** Task description **
Your output should be the lines of the data that follow, reproduced exactly from the first through the line bearing "Öljypumppu moottorin öljypumppu".
═══ Given information
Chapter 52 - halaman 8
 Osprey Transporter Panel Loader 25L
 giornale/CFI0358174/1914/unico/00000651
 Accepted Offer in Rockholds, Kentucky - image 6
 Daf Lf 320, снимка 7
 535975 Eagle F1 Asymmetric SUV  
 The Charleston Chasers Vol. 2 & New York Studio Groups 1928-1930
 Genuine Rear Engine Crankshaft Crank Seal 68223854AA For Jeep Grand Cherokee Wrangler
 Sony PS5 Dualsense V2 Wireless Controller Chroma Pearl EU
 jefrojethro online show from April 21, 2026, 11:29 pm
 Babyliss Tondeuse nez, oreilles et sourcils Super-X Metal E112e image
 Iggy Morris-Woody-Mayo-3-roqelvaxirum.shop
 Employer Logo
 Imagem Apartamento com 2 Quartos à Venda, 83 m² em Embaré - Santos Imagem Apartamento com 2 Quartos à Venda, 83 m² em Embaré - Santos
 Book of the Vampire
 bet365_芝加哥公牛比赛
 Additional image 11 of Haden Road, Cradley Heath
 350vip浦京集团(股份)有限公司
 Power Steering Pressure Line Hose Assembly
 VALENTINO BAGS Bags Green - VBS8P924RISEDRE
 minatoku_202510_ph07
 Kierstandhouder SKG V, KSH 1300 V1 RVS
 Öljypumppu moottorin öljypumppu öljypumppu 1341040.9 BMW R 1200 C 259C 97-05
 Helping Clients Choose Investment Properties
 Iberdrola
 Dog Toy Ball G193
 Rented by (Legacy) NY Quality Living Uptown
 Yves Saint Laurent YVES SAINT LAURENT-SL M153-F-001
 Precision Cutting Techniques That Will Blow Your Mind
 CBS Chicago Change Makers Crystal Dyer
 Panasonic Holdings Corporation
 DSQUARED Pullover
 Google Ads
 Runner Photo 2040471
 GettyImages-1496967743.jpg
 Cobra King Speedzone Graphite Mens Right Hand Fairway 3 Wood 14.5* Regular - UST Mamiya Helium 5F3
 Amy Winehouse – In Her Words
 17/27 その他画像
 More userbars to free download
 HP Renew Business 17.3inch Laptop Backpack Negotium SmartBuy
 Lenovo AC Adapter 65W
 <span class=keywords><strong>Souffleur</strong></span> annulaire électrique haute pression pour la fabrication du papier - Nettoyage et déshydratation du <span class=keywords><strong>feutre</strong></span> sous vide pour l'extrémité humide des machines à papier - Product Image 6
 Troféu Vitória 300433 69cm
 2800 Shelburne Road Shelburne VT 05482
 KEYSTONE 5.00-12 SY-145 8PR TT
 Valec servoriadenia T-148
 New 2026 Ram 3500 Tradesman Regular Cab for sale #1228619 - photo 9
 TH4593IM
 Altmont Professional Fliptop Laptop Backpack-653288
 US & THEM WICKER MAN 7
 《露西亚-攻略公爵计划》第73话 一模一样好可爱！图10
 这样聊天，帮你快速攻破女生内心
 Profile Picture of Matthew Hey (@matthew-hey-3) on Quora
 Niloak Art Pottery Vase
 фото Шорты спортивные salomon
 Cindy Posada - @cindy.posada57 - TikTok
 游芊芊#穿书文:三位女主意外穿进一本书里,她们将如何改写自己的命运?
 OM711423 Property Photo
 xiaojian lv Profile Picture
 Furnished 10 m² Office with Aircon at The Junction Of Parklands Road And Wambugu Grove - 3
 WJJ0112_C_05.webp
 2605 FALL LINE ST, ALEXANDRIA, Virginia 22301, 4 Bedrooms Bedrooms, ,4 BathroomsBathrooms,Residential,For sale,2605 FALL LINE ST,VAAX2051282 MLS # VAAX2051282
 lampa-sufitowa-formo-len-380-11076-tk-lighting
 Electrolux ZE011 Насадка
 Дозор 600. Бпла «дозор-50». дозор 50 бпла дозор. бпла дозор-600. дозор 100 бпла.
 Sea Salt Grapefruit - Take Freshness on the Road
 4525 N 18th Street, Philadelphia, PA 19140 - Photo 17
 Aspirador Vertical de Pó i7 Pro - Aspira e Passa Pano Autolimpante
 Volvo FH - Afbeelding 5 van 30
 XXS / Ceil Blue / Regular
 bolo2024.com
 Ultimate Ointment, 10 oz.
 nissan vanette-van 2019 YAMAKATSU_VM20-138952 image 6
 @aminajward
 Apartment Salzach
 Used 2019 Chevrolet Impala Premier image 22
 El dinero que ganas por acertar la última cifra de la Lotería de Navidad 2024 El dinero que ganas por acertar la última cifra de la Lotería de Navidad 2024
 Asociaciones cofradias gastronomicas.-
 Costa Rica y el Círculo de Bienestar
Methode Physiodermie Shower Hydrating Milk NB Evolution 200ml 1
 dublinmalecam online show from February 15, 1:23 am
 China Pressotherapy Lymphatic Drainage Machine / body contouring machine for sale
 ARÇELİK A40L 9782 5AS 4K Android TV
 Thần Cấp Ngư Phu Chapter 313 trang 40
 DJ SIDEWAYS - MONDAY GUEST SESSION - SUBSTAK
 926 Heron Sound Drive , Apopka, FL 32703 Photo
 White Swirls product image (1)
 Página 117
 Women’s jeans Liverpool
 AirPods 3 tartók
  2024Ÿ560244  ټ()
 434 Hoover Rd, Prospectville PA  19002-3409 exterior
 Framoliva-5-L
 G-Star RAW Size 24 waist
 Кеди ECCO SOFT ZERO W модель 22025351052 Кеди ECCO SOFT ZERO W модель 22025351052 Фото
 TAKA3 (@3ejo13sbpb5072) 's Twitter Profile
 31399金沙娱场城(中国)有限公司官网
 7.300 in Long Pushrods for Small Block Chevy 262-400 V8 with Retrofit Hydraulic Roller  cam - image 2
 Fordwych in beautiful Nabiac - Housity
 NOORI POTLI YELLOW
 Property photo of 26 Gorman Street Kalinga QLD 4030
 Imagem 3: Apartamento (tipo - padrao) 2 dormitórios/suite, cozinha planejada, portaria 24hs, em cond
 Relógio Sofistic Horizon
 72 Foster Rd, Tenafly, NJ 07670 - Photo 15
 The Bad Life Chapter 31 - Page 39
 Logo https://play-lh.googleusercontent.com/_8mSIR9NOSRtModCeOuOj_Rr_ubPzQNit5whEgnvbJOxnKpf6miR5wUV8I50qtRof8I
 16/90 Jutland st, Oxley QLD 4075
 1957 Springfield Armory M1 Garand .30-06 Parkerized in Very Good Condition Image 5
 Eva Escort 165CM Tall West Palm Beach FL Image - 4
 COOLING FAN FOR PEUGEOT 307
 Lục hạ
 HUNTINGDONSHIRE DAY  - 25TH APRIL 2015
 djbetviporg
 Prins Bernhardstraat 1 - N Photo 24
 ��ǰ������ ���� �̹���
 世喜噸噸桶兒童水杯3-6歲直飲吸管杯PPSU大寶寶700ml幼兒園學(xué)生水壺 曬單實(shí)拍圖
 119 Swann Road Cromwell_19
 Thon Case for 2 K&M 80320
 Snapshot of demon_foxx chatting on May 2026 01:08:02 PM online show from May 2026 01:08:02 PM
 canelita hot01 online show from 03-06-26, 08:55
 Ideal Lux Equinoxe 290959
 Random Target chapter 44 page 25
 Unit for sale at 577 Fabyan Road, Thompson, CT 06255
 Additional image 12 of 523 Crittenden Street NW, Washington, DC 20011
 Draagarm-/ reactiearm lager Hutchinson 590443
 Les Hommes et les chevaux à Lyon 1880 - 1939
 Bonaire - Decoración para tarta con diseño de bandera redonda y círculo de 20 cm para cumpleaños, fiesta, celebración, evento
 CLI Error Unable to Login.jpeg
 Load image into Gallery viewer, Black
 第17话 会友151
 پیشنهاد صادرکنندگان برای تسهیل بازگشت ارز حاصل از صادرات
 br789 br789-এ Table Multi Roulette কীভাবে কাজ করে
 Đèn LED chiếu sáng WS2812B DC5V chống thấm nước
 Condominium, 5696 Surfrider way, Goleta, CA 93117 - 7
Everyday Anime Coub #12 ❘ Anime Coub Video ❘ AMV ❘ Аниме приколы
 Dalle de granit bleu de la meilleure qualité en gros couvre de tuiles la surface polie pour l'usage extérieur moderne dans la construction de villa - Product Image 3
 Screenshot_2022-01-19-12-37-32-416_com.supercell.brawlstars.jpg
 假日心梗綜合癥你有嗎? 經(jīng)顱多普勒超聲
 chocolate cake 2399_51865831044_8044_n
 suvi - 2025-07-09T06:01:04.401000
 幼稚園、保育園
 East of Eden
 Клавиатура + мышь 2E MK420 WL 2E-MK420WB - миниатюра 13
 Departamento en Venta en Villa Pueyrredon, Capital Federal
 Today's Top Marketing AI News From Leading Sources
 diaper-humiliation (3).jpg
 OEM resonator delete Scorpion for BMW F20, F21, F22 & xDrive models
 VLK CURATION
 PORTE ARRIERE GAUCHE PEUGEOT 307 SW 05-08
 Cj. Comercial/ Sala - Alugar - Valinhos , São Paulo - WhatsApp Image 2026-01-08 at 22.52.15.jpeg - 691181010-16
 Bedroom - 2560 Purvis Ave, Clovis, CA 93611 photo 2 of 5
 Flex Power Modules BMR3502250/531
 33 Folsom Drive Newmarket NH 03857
══════
** Exercise answer **
Chapter 52 - halaman 8
 Osprey Transporter Panel Loader 25L
 giornale/CFI0358174/1914/unico/00000651
 Accepted Offer in Rockholds, Kentucky - image 6
 Daf Lf 320, снимка 7
 535975 Eagle F1 Asymmetric SUV  
 The Charleston Chasers Vol. 2 & New York Studio Groups 1928-1930
 Genuine Rear Engine Crankshaft Crank Seal 68223854AA For Jeep Grand Cherokee Wrangler
 Sony PS5 Dualsense V2 Wireless Controller Chroma Pearl EU
 jefrojethro online show from April 21, 2026, 11:29 pm
 Babyliss Tondeuse nez, oreilles et sourcils Super-X Metal E112e image
 Iggy Morris-Woody-Mayo-3-roqelvaxirum.shop
 Employer Logo
 Imagem Apartamento com 2 Quartos à Venda, 83 m² em Embaré - Santos Imagem Apartamento com 2 Quartos à Venda, 83 m² em Embaré - Santos
 Book of the Vampire
 bet365_芝加哥公牛比赛
 Additional image 11 of Haden Road, Cradley Heath
 350vip浦京集团(股份)有限公司
 Power Steering Pressure Line Hose Assembly
 VALENTINO BAGS Bags Green - VBS8P924RISEDRE
 minatoku_202510_ph07
 Kierstandhouder SKG V, KSH 1300 V1 RVS
 Öljypumppu moottorin öljypumppu öljypumppu 1341040.9 BMW R 1200 C 259C 97-05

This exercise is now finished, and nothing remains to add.